2. Corneoscleral meshwork - Contains a large amount of elastin, arranged as a series of thin, flat, perforated sheets arranged in a laminar pattern; considered the ciliary muscle tendon.
3. Juxtacanalicular tissue (also known as the cribriform meshwork) - Lies immediately adjacent to Schlemm's canal, composed of connective tissue ground substance full of glycoaminoglycans and glycoproteins. This thin strip of tissue is covered by a monolayer of endothelial cells.
The trabecular meshwork is assisted to a small degree in the drainage of aqueous humour by a second outflow pathway, the uveo-scleral pathway (5-10% of outflow occurs this way). The uveo-scleral pathway is increased with the use of glaucoma drugs such as prostaglandins (e.g., Xalatan, Travatan).

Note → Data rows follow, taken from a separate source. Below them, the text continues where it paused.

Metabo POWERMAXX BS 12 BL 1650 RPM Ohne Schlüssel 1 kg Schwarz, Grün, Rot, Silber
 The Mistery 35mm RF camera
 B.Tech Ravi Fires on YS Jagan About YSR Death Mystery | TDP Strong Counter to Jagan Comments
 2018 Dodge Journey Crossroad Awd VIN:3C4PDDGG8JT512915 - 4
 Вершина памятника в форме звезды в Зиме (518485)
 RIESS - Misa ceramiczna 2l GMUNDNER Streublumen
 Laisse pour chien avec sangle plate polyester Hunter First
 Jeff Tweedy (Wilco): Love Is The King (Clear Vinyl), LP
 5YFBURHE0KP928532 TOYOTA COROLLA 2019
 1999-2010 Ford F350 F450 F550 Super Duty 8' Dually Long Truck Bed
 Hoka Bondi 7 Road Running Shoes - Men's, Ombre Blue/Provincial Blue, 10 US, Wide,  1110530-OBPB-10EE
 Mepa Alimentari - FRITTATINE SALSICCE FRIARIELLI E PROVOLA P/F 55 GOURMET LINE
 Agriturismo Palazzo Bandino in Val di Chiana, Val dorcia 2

The trabecular meshwork had previously been thought to arise from a point (apex) corresponding to the termination of the DM
(Schwalbe's line) however it is now considered to extend into the cornea, forming the Dua's layer.

==Clinical significance==
===Glaucoma===
It is thought that most cases of glaucoma (although not all) are caused or enabled by an increase in intraocular pressure. Pressure increases either when too much aqueous humor fluid is produced or by decreased aqueous humor outflow. The trabecular meshwork is responsible for most of the outflow of aqueous humor. When outflow is blocked, interventions such as trabeculectomy, trabeculoplasty, or aqueous shunt may be required to restore it.